After about an hour of this, he finally slid down to the floor of his cell, spent. He closed his eyes, but it didn't stop the images in his mind. Images of the laser blast drilling a neat, bloodless hole through Dib's head. He wrapped his arms around his stomach as if he could hold himself together that way.

He waited. Waited for Ayam's voice to come and answer his questions, make everything clear and sensible. Waited for the soothing peace that would come and the assurance that, somehow, Dib would of course be brought back.

Instead, he was met with silence. Hour after hour of silence.

Eventually, he broke the silence. "He was only a smeet," he hissed venomously. "He had no business being killed. He was supposed to live longer. He was supposed to go back to Earth and get a new arm and live a normal life. Humans are already ridiculously short lived as it is, and you just stand there and watch as he dies long before he's supposed to? You know what?" His voice rose. "If you're that unfair, that unjust, you're no better than the Tallests. I hate you! Do you hear me? I HATE YOU!"

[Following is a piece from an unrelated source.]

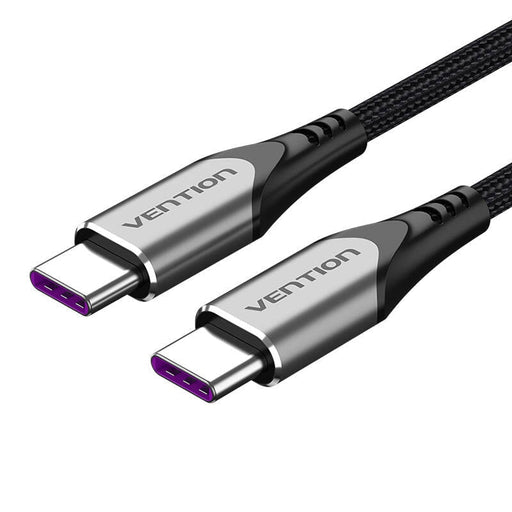 Кабел Vention TAEHD USB-C 2.0 към USB-C 5A 0.5m сив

Silence was his only answer. He lay down on the floor and vehemently wished the guards would come back. He was more than ready to die, if only to stop this horrible throbbing ache in his gut, the feeling borne from the thought that he had been betrayed by his commander. Again.

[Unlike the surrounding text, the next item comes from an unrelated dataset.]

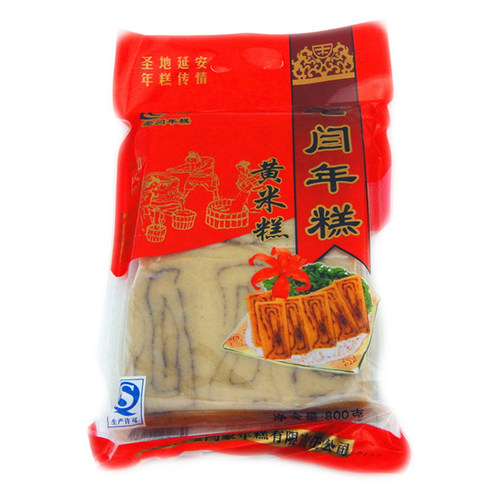 陕北特产子长年糕 陕北枣糕黄米糕炸油糕糯米速食500克每袋9片装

Note: I wrote this chapter in particular because I am dealing with the probable death of a friend. This friend incurred a staph infection at a hospital that didn't know what it was doing, and it can't be counteracted. Short of an intervention from God, I will be losing this friend sooner rather than later. So I am also grappling with the issue of death. And I don't know all the answers. I wish I did. Like I said before, I process things in terms of Zim sometimes.

And yes. I have had my shouting matches at God. The best thing anybody ever told me was, "He's big enough to take whatever you can dish out."